Explaining that her ancestral southern plantation, Belle Reve in Auriol, Mississippi, has been "lost" due to the "epic fornications" of her ancestors, Blanche is welcomed with some trepidation by Stella, who fears the reaction of her husband, Stanley Kowalski (Marlon Brando). Blanche says her supervisor gave her time off her job as an English teacher because of her upset nerves. In truth, however, she was fired for having an affair with a 17-year-old male student. This turns out not to be the only seduction she had engaged in — and these problems led Blanche to run away from Auriol. A brief marriage scarred by the suicide of her spouse, Allan Grey, has led Blanche to live in a world in which her fantasies and illusions are seamlessly mixed with her reality.

In contrast to both the self-effacing and deferential Stella and the pretentious refinement of Blanche, Stanley is a force of nature: primal, rough-hewn, brutish and sensual. He dominates Stella in every way and is physically and emotionally abusive. Stella tolerates his behavior as this is part of what attracted her in the first place. Their love and relationship is heavily based on powerful, even animalistic, sexual chemistry - something that Blanche says that she finds impossible to understand, despite long glances of admiration and lust towards Stanley. The arrival of Blanche upsets her sister's and brother-in-law's system of mutual dependence. Stella's concern for her sister's well-being emboldens Blanche to hold court in the Kowalski apartment, infuriating Stanley and leading to conflict in his relationship with his wife. Stanley's friend and Blanche's would-be suitor, Harold "Mitch" Mitchell (Karl Malden), is trampled as Blanche and Stanley head for a collision course. Stanley discovers Blanche's past through a co-worker who travels to Auriol frequently.
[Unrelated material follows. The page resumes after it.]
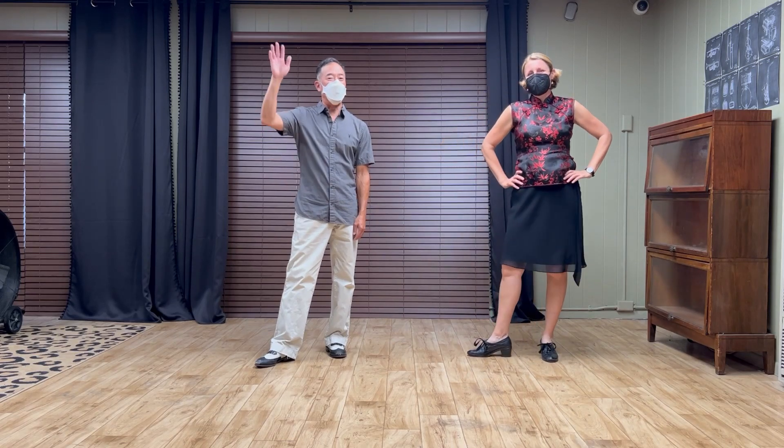Hi everybody, this is Jen. This is Ken. And this is our class summary for Intermediate Lindy Hop week two, October 2022, at the Woodchoppers Ball at the Verity Club.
He confronts Blanche with the things she has been trying to put behind her, partly out of concern that her character flaws may be damaging to the lives of those in her new home (just as they were in Auriol), and partly due to resentment of her airs of superiority toward him and a distaste for pretense in general. However, his attempts to "unmask" her are predictably cruel and violent.

Their final confrontation — a rape — results in Blanche's nervous breakdown. Stanley has her committed to a mental institution. Mitch, knowing that Stanley raped Blanche and had her committed to a mental institution, lashes out and punches Stanley but is then held back by the other men, and he starts to weep. As the other men stare at Stanley, he claims he "never once touched her".

Devastated with her sister's fate, Stella weeps and rejects Stanley's intention to comfort her and pushes him away. Stella runs out to see Blanche off, but is too late, as the car Blanche left in has already gone. As he cries her name once more ("Stella! Hey, Stella!"), Stella clings to her child and vows that she is "never going back" to Stanley again. She goes upstairs once more in order to seek refuge with her neighbor, Eunice (Peg Hillias), as Stanley continues to call her name.